*RECORD SET*.
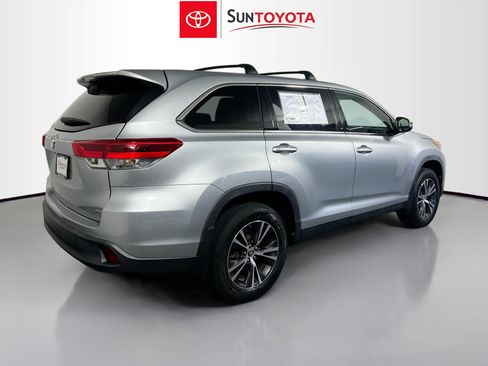 Used 2019 Toyota Highlander LE AWD/4WD image 4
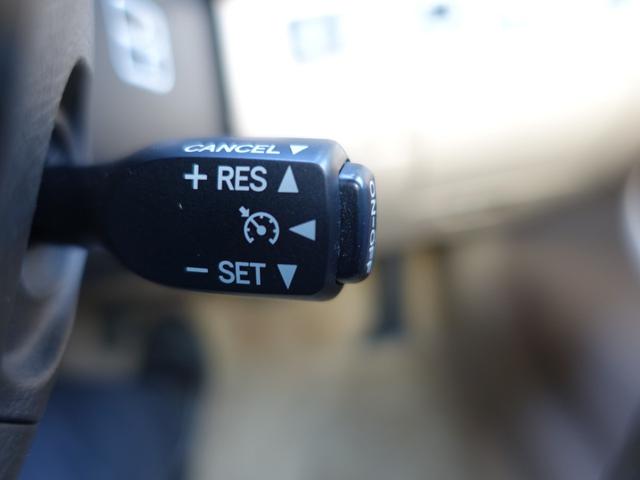 クラウン ロイヤルサルーンＧ　純正ＨＤＤナビ　フルセグ　スマートキー　コーナーセンサー　ＥＴＣ　パワーシート　ＨＩＤヘッドライト　オートライト　フォグランプ　クルーズコントロール　ステアリングリモコン（30枚目）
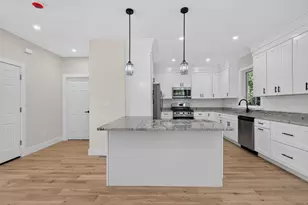 11 Lorenzo St, Worcester, MA 01604 - Photo 9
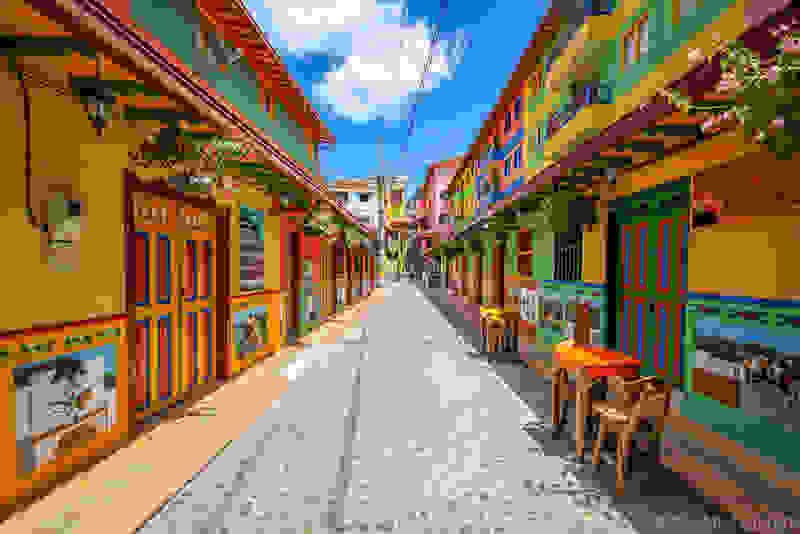 gouatape-i-poli-me-ta-polyxroma-ktiria-guatape1.jpg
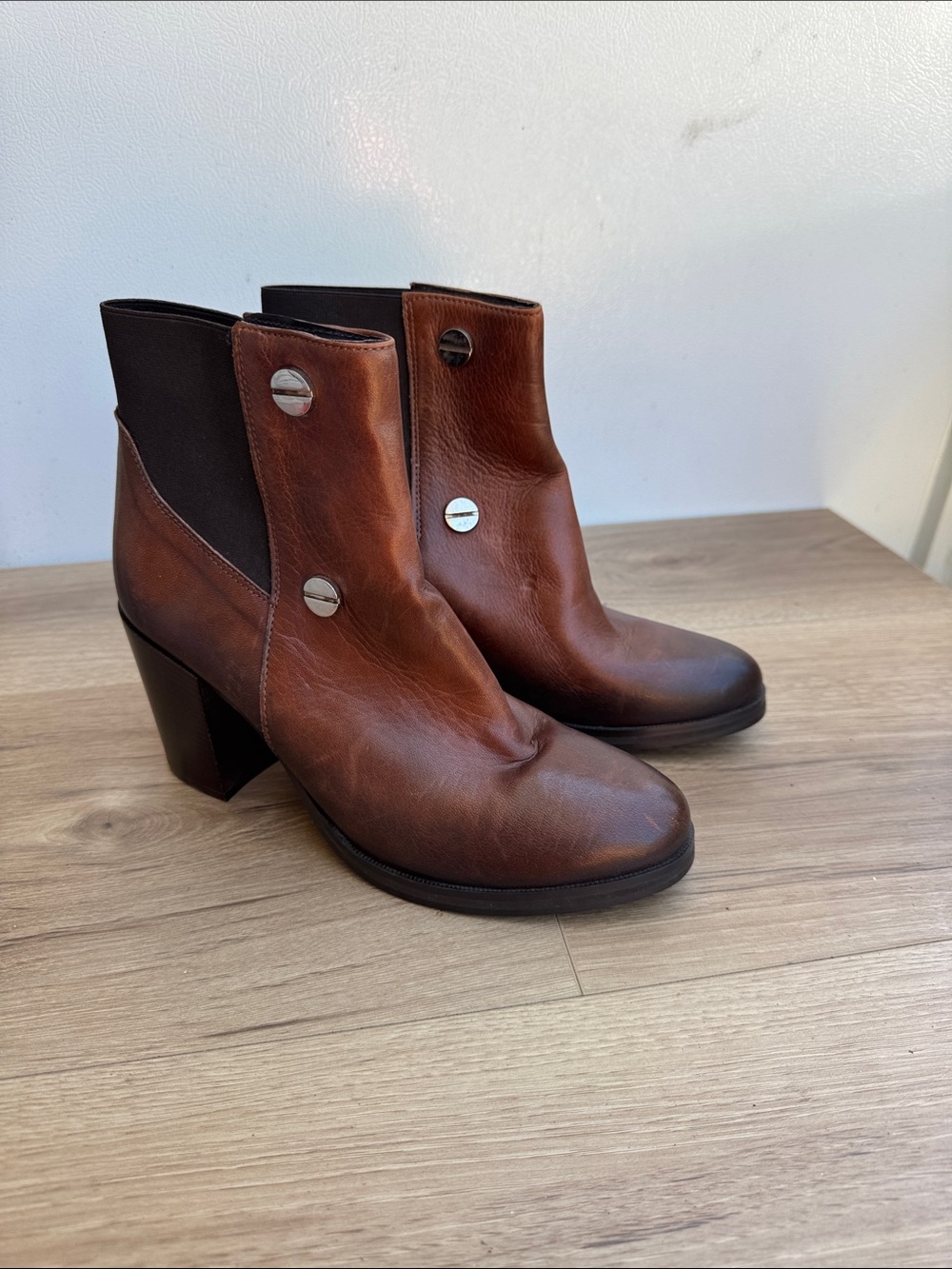 Domino Vera Gomma made in Italy Women's Brown Leather Ankle Boots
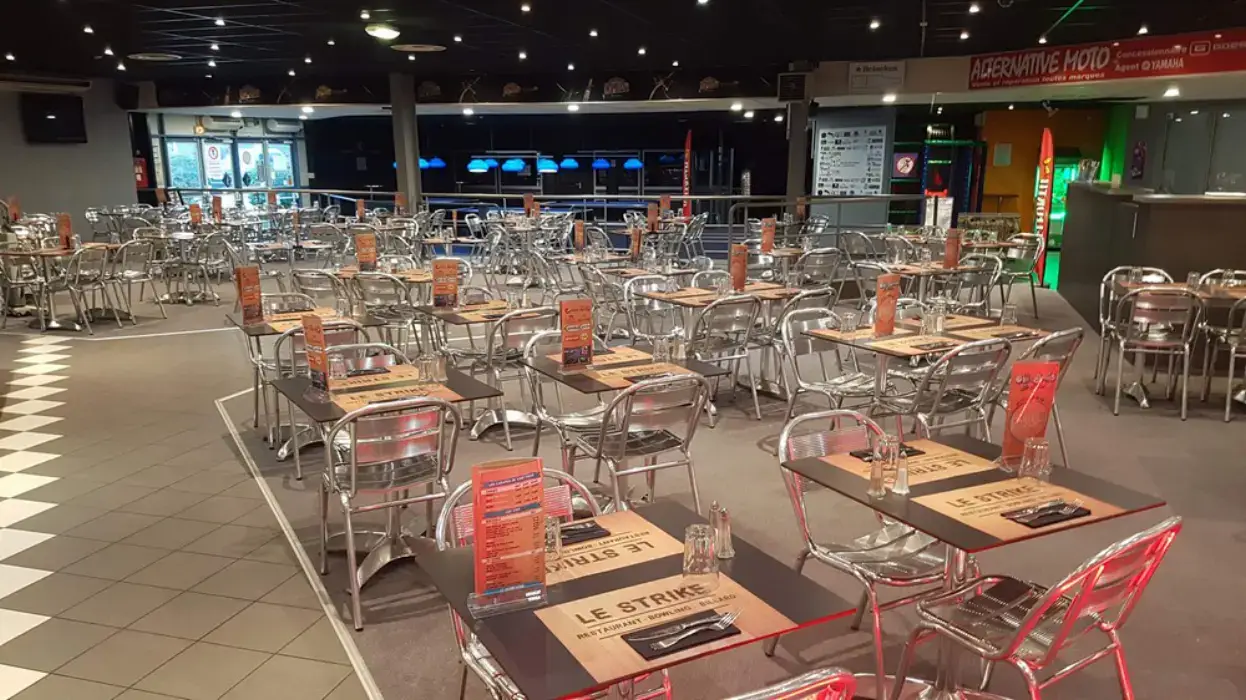 Le Strike Bowling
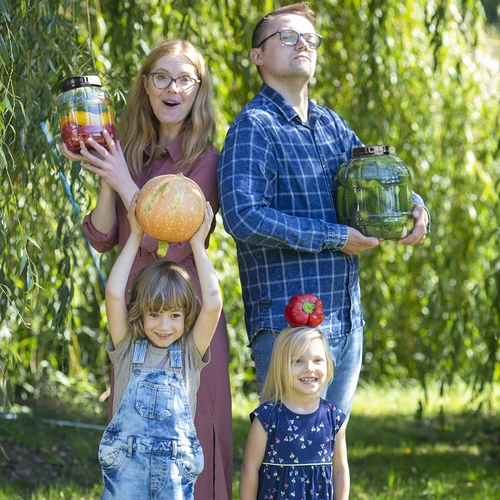 Onbreekbare, multifunctionele pot met zwarte deksel, 3L - 7 ['potten voor conserven', ' pot', ' pot voor augurken', ' voor likeuren', ' pot 3 l', ' pot met certificaat', ' onbreekbare pot', ' universele pot', ' multifunctionele pot', ' pot voor conserven', ' plastic pot', ' pot van kunststof']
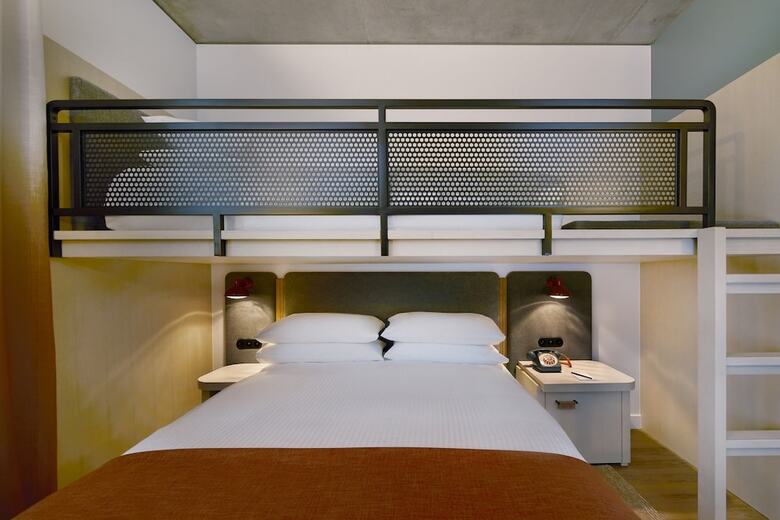 Hotel Moxy Sydney Airport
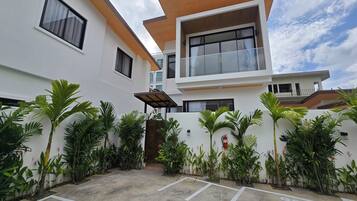 家庭別墅, 5 間臥室, 山景 | 客房內保險箱、書桌、遮光布/窗簾、隔音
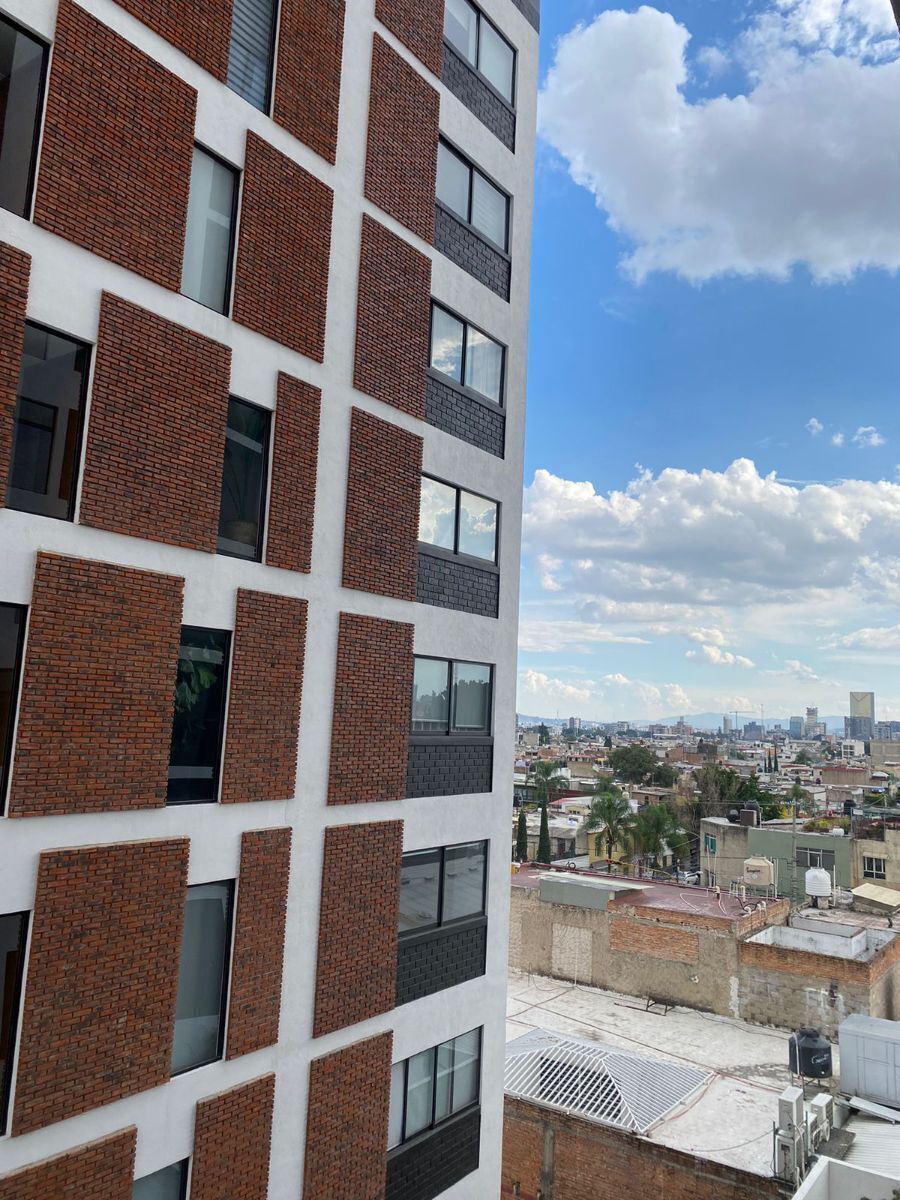 12 of 22: VISTA LATERAL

*PROBLEM DETAILS*. Your reply should be the lines of the records from the start through the line with "Le Strike Bowling", copied word for word, pictures omitted.

*THE ANSWER*.
 Used 2019 Toyota Highlander LE AWD/4WD image 4
 クラウン ロイヤルサルーンＧ　純正ＨＤＤナビ　フルセグ　スマートキー　コーナーセンサー　ＥＴＣ　パワーシート　ＨＩＤヘッドライト　オートライト　フォグランプ　クルーズコントロール　ステアリングリモコン（30枚目）
 11 Lorenzo St, Worcester, MA 01604 - Photo 9
 gouatape-i-poli-me-ta-polyxroma-ktiria-guatape1.jpg
 Domino Vera Gomma made in Italy Women's Brown Leather Ankle Boots
 Le Strike Bowling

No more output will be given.